▸ **BRIEF**:
Find the line that contains "Set casa delle"; please output it and each line after it, exactly as shown, up to the end of the entries below, skipping pictures.

▸ **Extracted records**:
>>>>

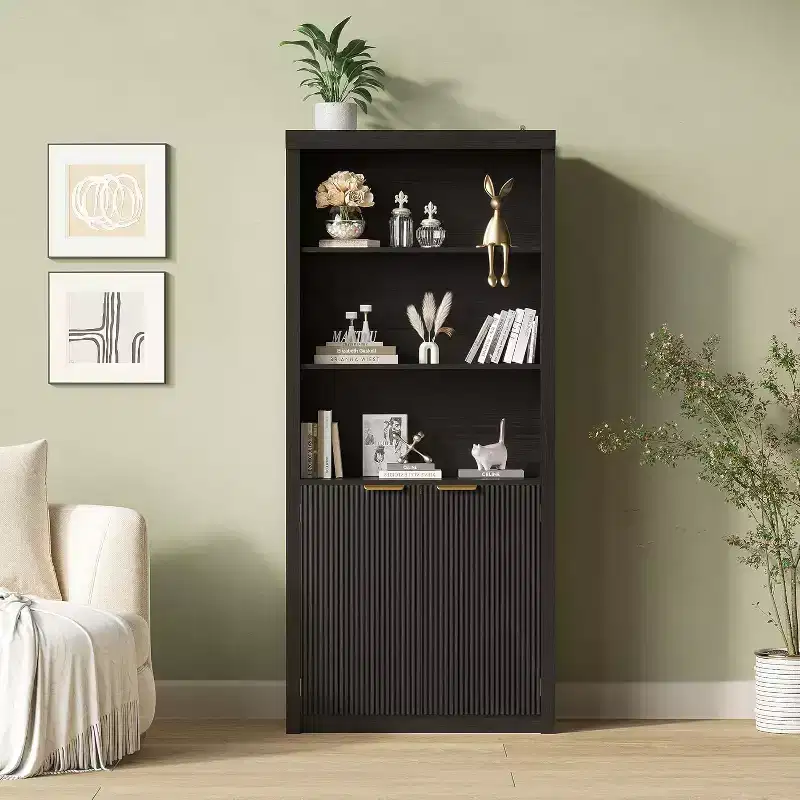 5-Shelf Bookcase with Doors, Black / Grey / Oak / White, 71
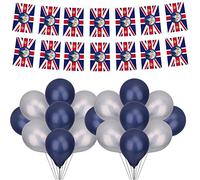 Trimming Shop 21pcs Birthday Party Decoration Set for King Charles III Birthday Party Decor - 10m Rectangular Bunting, 10" Latex Balloons for BBQ Pub British Royal Street Party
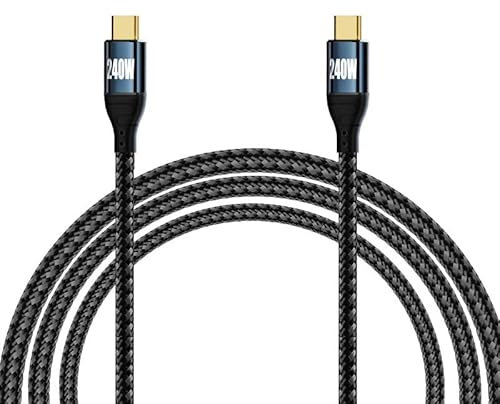 xiwai 48V 5A USB-C Cable cargador 3M Tipo-C Admite 100W Carga 48Gbps Cable de datos Perfecto para computadora portátil Tablet Teléfono Recto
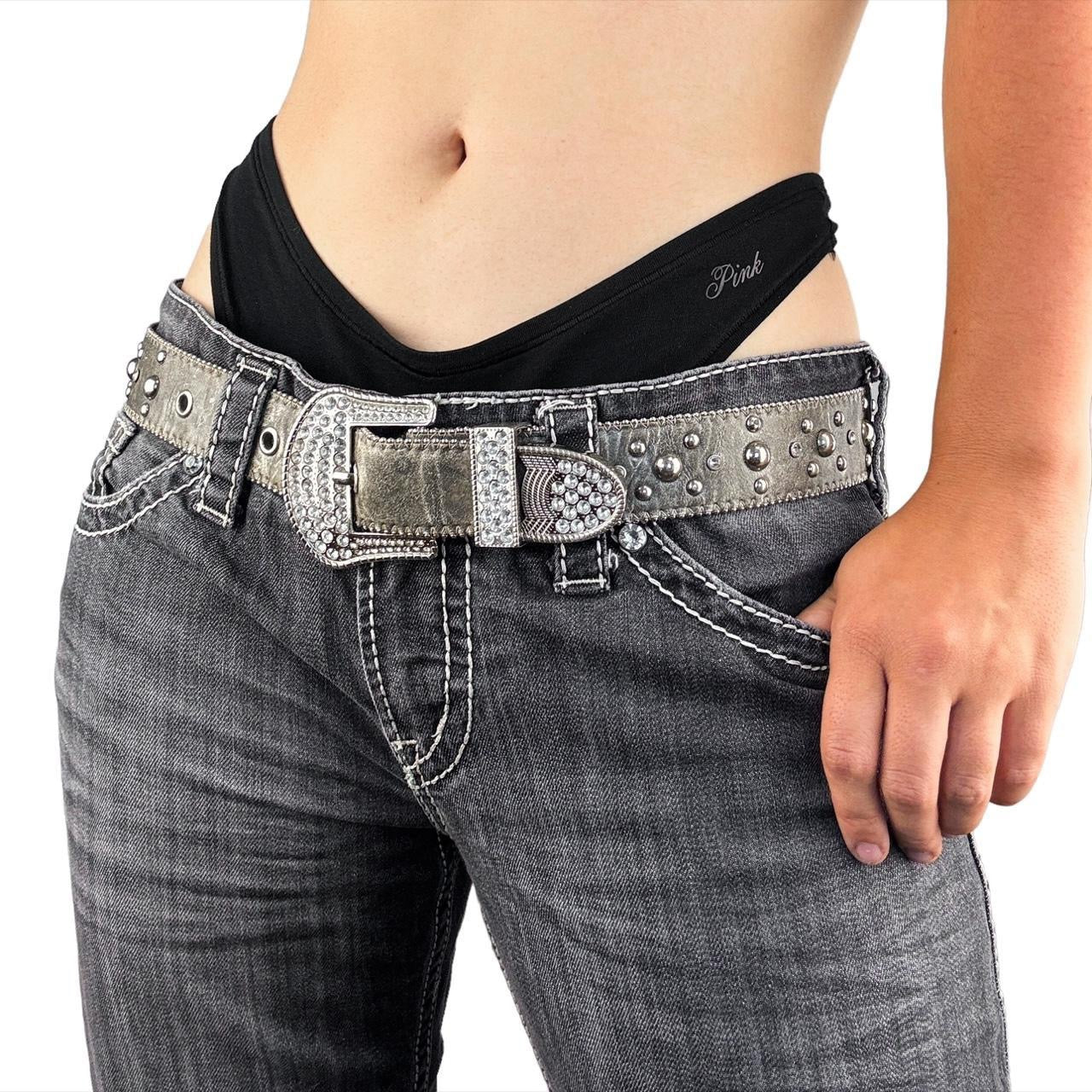Y2K skinny belt in silver tone with rhinestones bezel set adjustable length Rhinestone Belt Y2k - Etsy main image 3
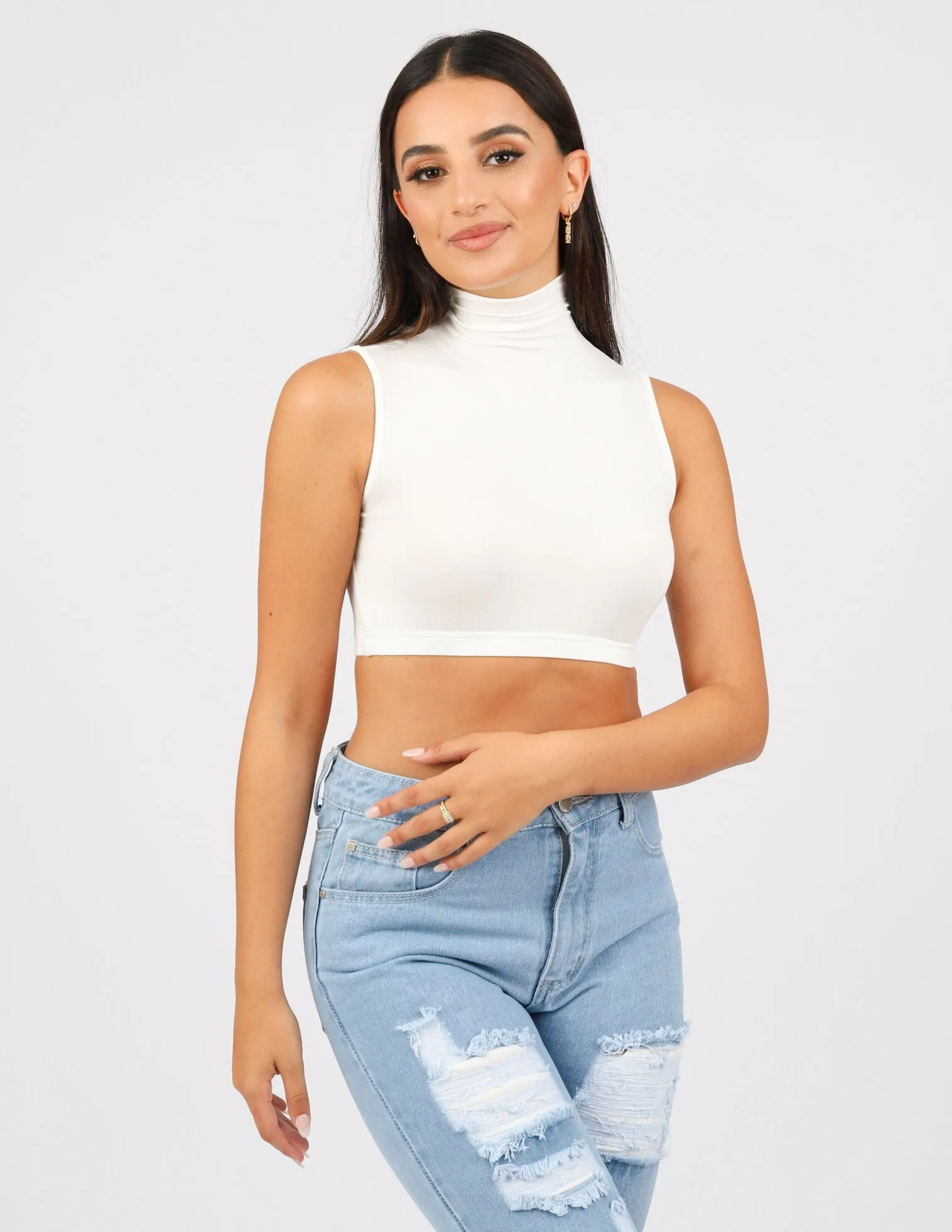 High Neck Sleeveless Crop Body Top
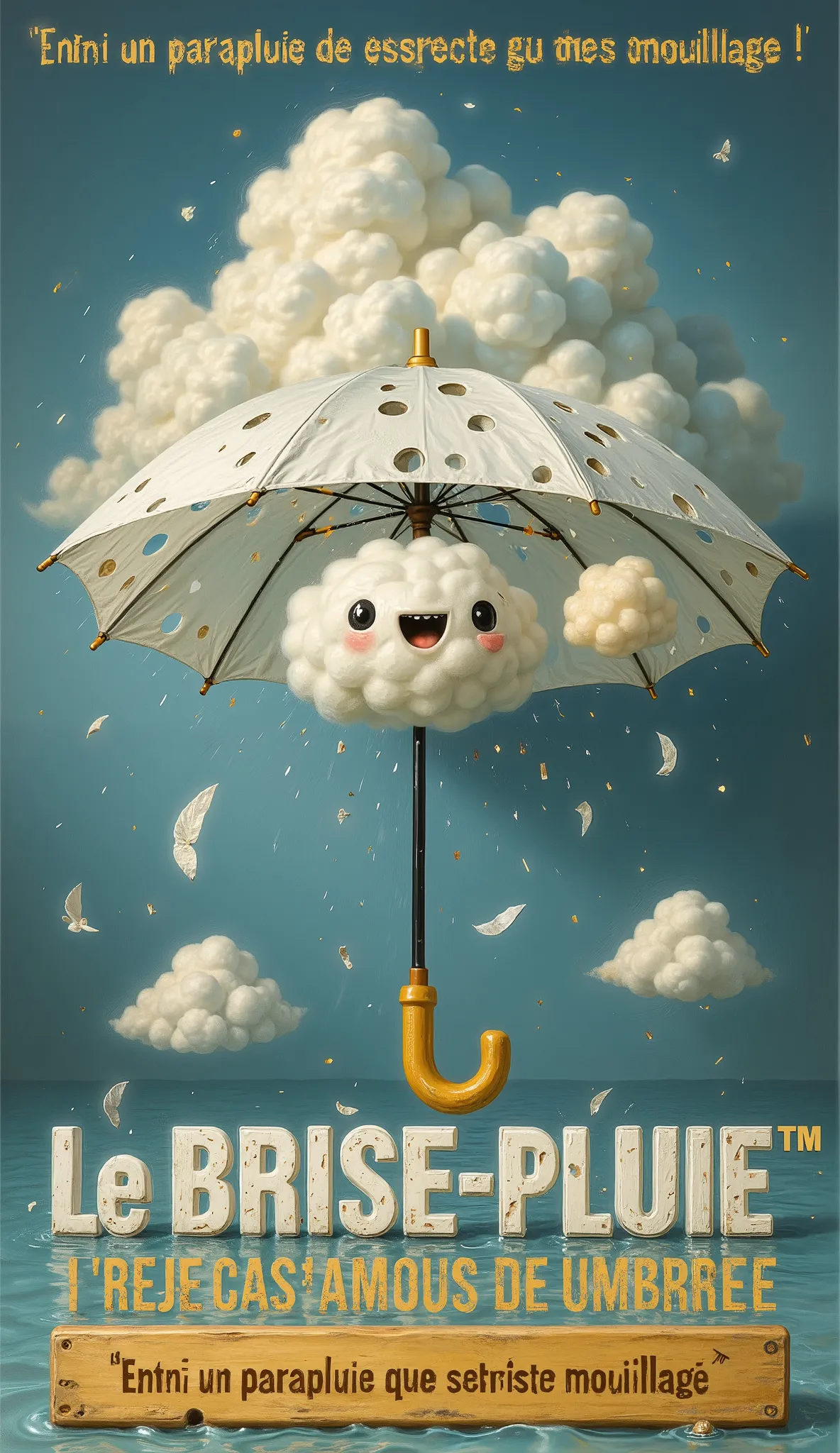 A funny, surreal product marketing poster for a broken umbrella full of holes. The umbrella is presented as if it's an innovative invention, with a fake French brand name: “Le Brise-Pluie™”. Add bold French text: “Enfin un parapluie qui respecte votre moui...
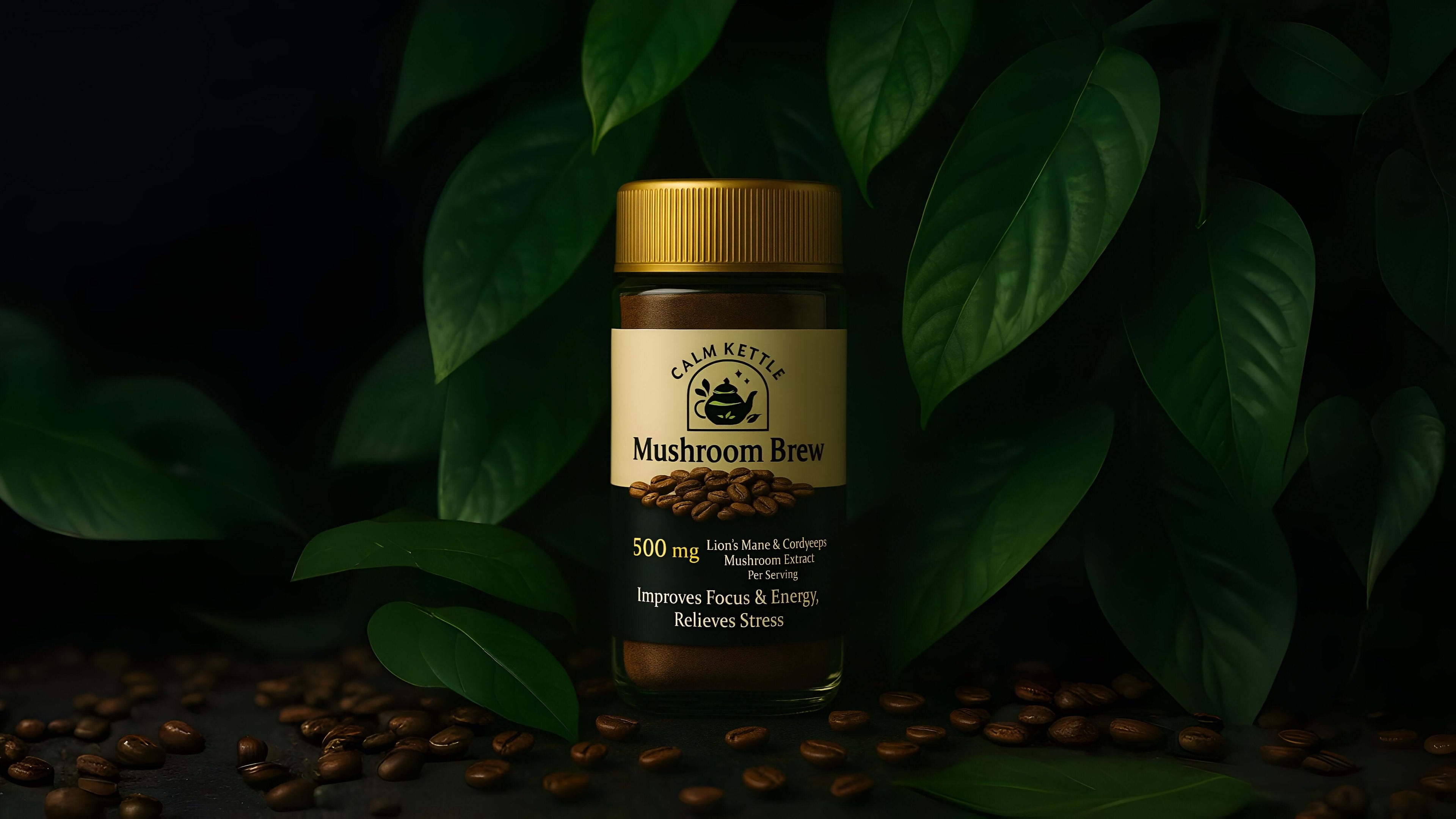 Mushroom Brew supplement bottle with leaves and seeds in the background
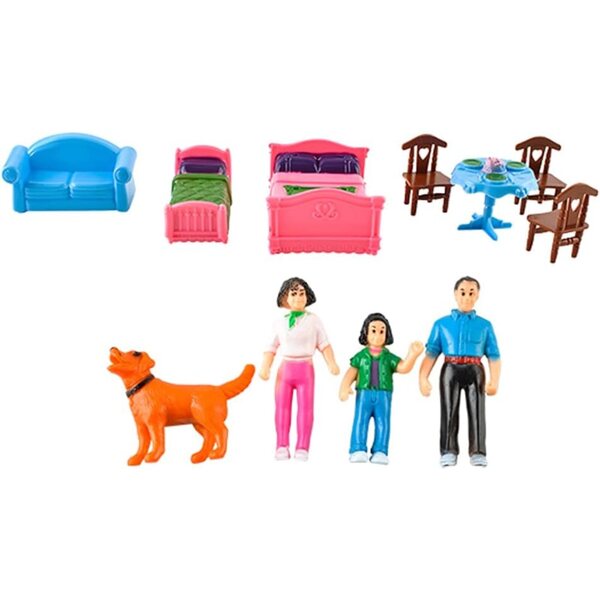 Set casa delle bambole Portatile con Mobili e Gioco Didattico per Bambine da 3 Anni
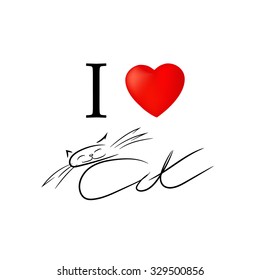 I love cat. Vector illustration with red heart and hand drawn letter, design for people who love cat.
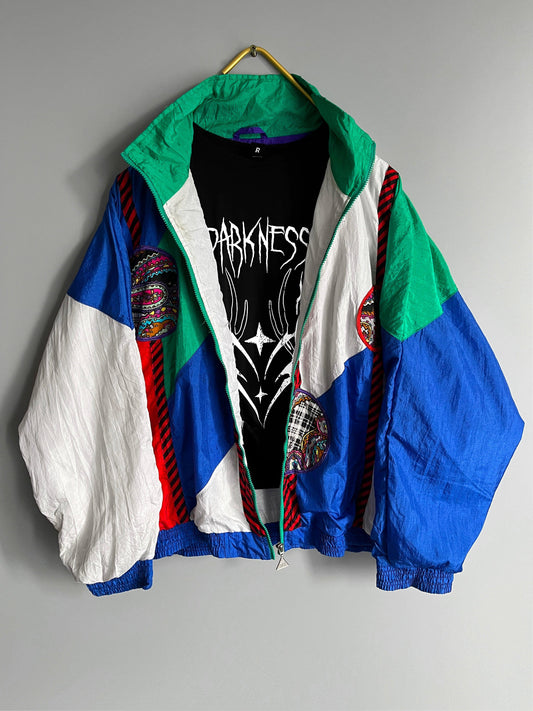 Y2K crazzy pattern windbreaker Jacket Gothic / Emo / Punk / Metal Grunge Vintage - Shoplifts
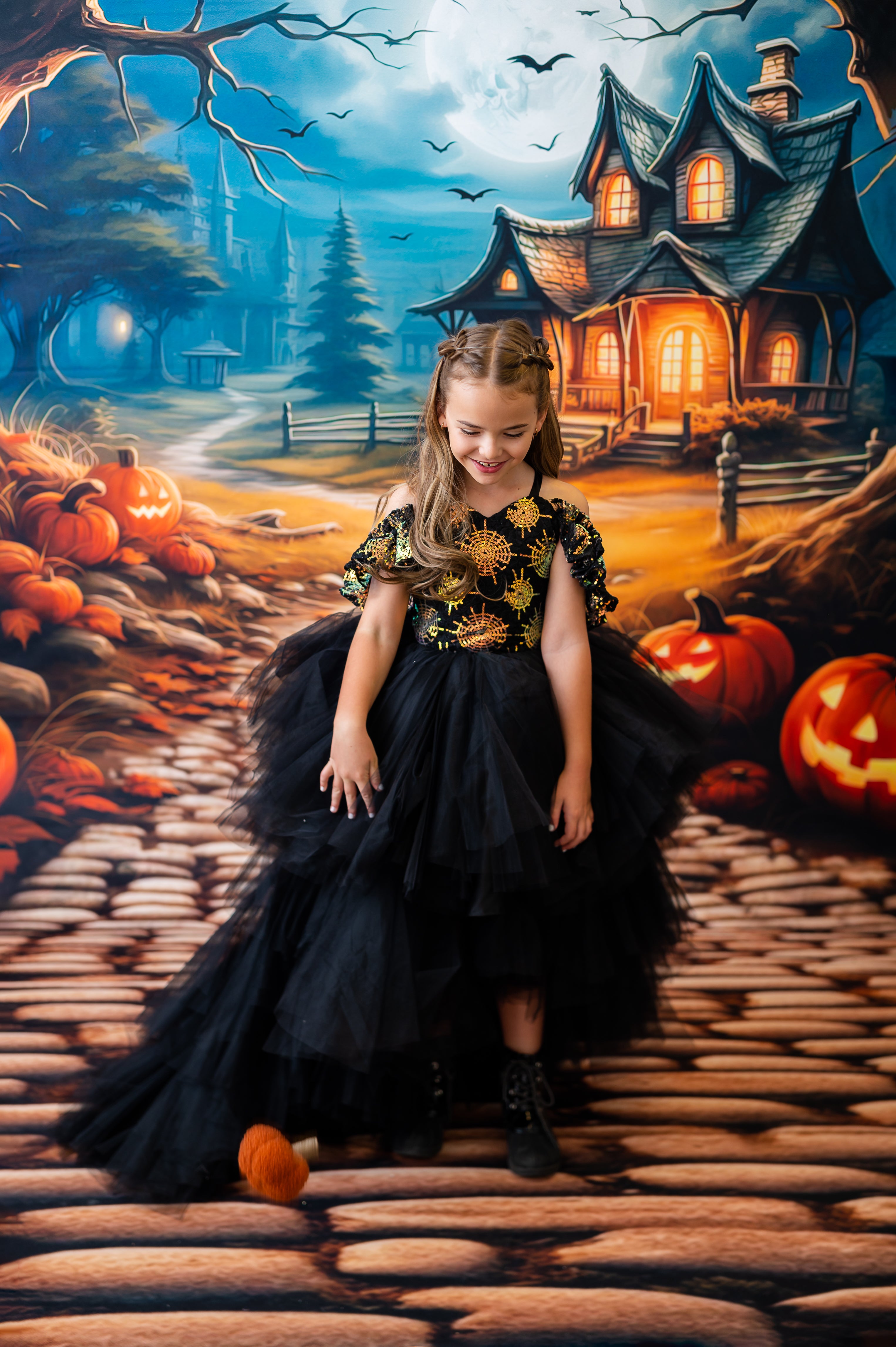 Spinderella high low black embroidered mesh Halloween dress for girls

<<<<

▸ **SOLVED EXERCISE**:
 Set casa delle bambole Portatile con Mobili e Gioco Didattico per Bambine da 3 Anni
 I love cat. Vector illustration with red heart and hand drawn letter, design for people who love cat.
 Y2K crazzy pattern windbreaker Jacket Gothic / Emo / Punk / Metal Grunge Vintage - Shoplifts
 Spinderella high low black embroidered mesh Halloween dress for girls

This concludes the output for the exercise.